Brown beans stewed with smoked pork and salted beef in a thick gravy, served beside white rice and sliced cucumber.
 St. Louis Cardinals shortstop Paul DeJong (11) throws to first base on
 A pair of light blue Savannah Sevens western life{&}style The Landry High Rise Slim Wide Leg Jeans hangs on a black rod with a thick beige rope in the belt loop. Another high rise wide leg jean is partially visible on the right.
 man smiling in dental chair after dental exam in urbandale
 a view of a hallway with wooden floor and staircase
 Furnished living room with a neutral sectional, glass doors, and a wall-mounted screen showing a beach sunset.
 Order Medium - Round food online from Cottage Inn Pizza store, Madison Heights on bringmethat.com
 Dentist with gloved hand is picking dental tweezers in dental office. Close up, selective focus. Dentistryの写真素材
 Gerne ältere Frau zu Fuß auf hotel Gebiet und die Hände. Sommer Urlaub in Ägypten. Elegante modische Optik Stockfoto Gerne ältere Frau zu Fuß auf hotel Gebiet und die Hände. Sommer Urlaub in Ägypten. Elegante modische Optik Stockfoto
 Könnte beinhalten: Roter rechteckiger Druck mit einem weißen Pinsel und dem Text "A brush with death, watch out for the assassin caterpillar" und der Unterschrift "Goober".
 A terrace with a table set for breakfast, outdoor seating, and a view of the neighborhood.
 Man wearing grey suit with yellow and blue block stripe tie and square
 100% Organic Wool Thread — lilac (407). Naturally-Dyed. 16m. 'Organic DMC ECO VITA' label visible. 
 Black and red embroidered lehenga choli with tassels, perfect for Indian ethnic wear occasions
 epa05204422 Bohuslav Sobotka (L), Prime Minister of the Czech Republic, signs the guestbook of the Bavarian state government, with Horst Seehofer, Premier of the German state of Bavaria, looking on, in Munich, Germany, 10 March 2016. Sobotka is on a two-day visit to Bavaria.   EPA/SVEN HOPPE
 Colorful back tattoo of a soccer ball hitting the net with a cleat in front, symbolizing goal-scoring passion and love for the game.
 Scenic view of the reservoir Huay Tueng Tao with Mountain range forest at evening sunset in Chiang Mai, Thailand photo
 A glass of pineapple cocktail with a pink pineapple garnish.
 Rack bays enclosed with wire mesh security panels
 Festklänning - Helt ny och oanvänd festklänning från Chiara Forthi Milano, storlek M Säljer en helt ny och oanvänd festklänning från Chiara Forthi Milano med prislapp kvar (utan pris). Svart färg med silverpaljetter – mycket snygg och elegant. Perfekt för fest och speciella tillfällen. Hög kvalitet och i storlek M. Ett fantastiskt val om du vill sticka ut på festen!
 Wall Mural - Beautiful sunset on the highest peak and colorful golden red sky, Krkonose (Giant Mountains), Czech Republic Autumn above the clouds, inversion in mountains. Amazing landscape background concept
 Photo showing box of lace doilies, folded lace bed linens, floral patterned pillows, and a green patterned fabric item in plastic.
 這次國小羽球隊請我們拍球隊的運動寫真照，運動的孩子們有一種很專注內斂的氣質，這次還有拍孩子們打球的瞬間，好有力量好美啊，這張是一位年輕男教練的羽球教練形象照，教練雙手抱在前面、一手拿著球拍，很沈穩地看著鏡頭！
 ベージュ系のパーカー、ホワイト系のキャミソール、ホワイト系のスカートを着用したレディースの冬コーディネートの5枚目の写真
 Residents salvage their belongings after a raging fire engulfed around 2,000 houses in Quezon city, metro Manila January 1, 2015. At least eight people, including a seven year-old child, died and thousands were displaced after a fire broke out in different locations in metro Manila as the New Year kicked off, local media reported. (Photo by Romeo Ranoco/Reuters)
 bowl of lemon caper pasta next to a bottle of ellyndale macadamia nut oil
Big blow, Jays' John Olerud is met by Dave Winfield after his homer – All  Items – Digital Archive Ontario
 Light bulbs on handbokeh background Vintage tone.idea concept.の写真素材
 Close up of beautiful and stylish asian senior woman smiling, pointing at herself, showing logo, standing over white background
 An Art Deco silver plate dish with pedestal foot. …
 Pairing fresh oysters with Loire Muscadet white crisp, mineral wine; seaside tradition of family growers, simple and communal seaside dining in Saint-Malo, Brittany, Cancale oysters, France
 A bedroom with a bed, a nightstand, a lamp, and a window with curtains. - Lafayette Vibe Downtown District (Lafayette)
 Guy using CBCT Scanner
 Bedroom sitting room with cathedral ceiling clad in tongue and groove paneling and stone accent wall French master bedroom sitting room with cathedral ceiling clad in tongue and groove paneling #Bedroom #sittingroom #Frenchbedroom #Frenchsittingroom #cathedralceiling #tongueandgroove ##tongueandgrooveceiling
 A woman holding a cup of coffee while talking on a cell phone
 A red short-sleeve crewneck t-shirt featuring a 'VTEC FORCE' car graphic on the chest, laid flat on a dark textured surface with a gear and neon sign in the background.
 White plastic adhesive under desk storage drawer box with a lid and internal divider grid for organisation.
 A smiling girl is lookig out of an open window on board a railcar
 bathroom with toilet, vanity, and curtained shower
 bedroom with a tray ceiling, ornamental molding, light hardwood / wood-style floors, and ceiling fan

● ● ● ● ● ● ●

### Instructions to follow
The lines of the records that contain the string "thick" should be located and copied.

### Result below
Brown beans stewed with smoked pork and salted beef in a thick gravy, served beside white rice and sliced cucumber.
 A pair of light blue Savannah Sevens western life{&}style The Landry High Rise Slim Wide Leg Jeans hangs on a black rod with a thick beige rope in the belt loop. Another high rise wide leg jean is partially visible on the right.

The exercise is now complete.